- 1/8 of a green bell pepper
- sliver of roasted pasilla pepper
- 1 tomato
- 1/4c mixed lentils
- 1 & 1/4c water
- salt & pepper to taste
- thyme (dried or fresh)
- a few sprigs of kale (I like to cook about 3 or 4)
- Parmesan cheese (if not vegan)
- 1/4 of an avocado
- chili flakes
Mince the peppers, and toss them into a small pot over olive oil. Let them sizzle and brown. Cut up the tomato into small cubes, and toss into olive oil & pepper mixture once peppers have been crackling for a few minutes. Add salt & pepper to taste. Allow the tomatoes to sizzle and cook, then add in water and lentils. Sprinkle the lentils with a few pinches of fresh or dried thyme. Allow the lentils to cook on low-medium heat for about 20 minutes. The consistency will be a little soupy - we don’t want the lentils to soak up all of the liquid or they’ll dry out and form a mushy texture.

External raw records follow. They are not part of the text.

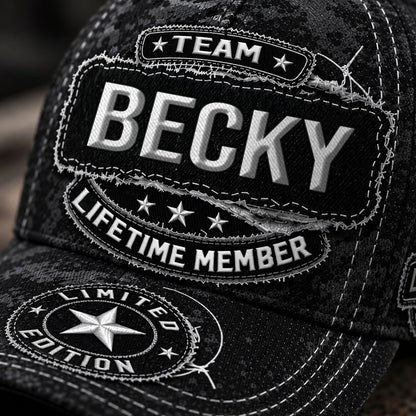 BECKY TC03 HH79  Personalized Black Camo Baseball Cap, Custom Name Family Hat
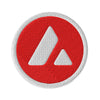 Embroidered Avalanche AVAX Patch White - circular 3 inch front view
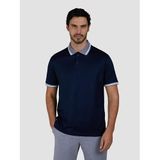 Erkek Regular Fit Yakası ve Kolları Şerit Çizgili Pamuklu Kısa Kollu Lacivert Polo Yaka T-Shirt 25411310-013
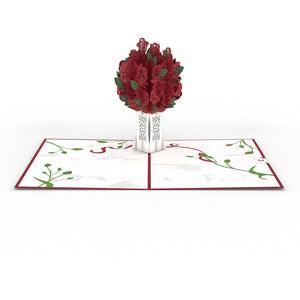 Red Rose Arrangement Classic 3D Pop Up card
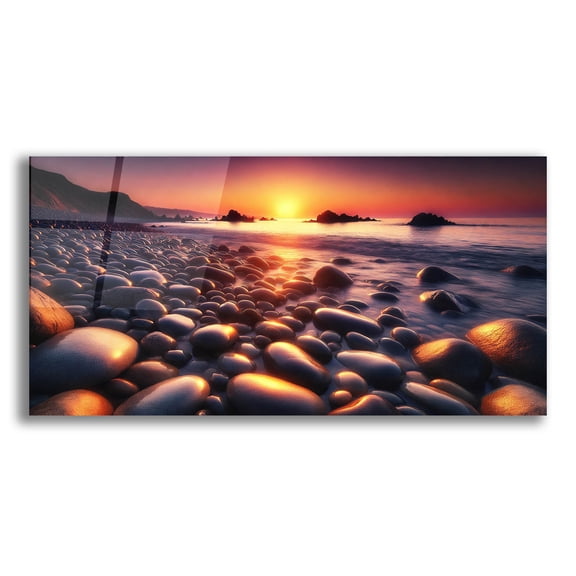 Epic Art 'Sunset On Rocks Beach' by Rey Klimt Acrylic Glass Wall Art, 24" x 12"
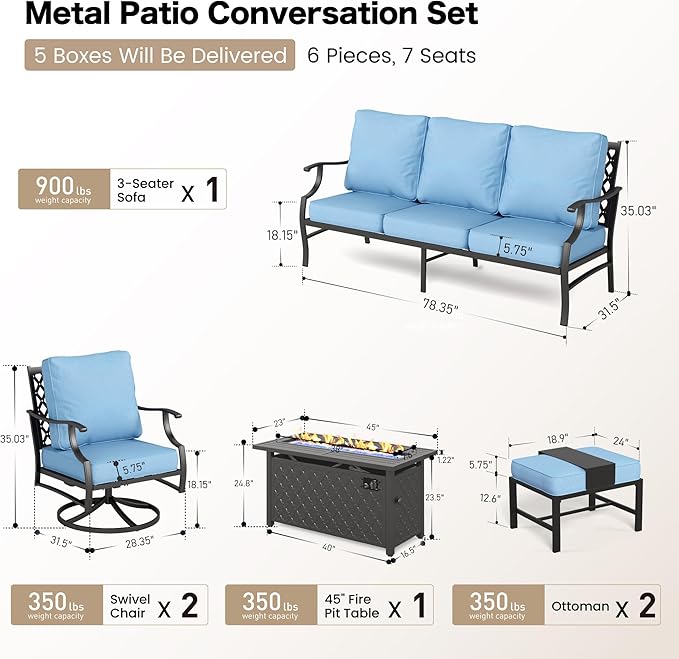 6 Piece Metal Outdoor Patio Furniture Set with Firepit Table, Patio Conversation Set 1 3-seater Sofa, 2 Swivel Chair, 2 Ottoman with 5.75" Thick Cushion, Black Backyard Furniture, Blue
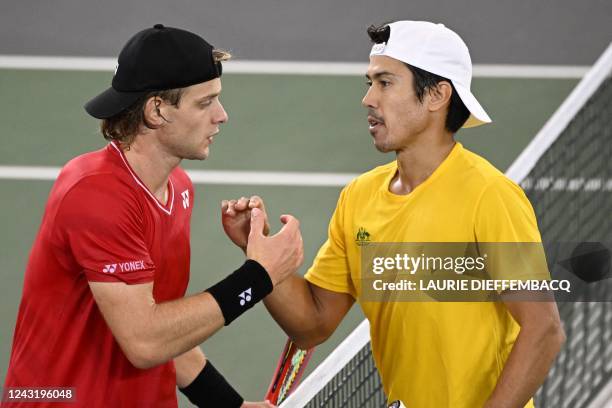 Belgian Zizou Bergs and Australian Jason Kubler pictured after the game between Belgian Bergs and Australian Kubler, the first game between the...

In a separate pan, heat up a little olive oil, and toss in the cut up kale, add salt and pepper to taste. Turn the heat up, so that the kale browns and crisps, creating a texture and flavor similar to kale chips. The kale will soften when mixed in with the lentil soup, so be sure to let them get crispy.
Once the lentils and kale are done, pour the lentils into a bowl, add the kale, and garnish with shredded parmesan cheese and avocado. If you really love spice, the way I do, then feel free to toss in some dried organic chili flakes!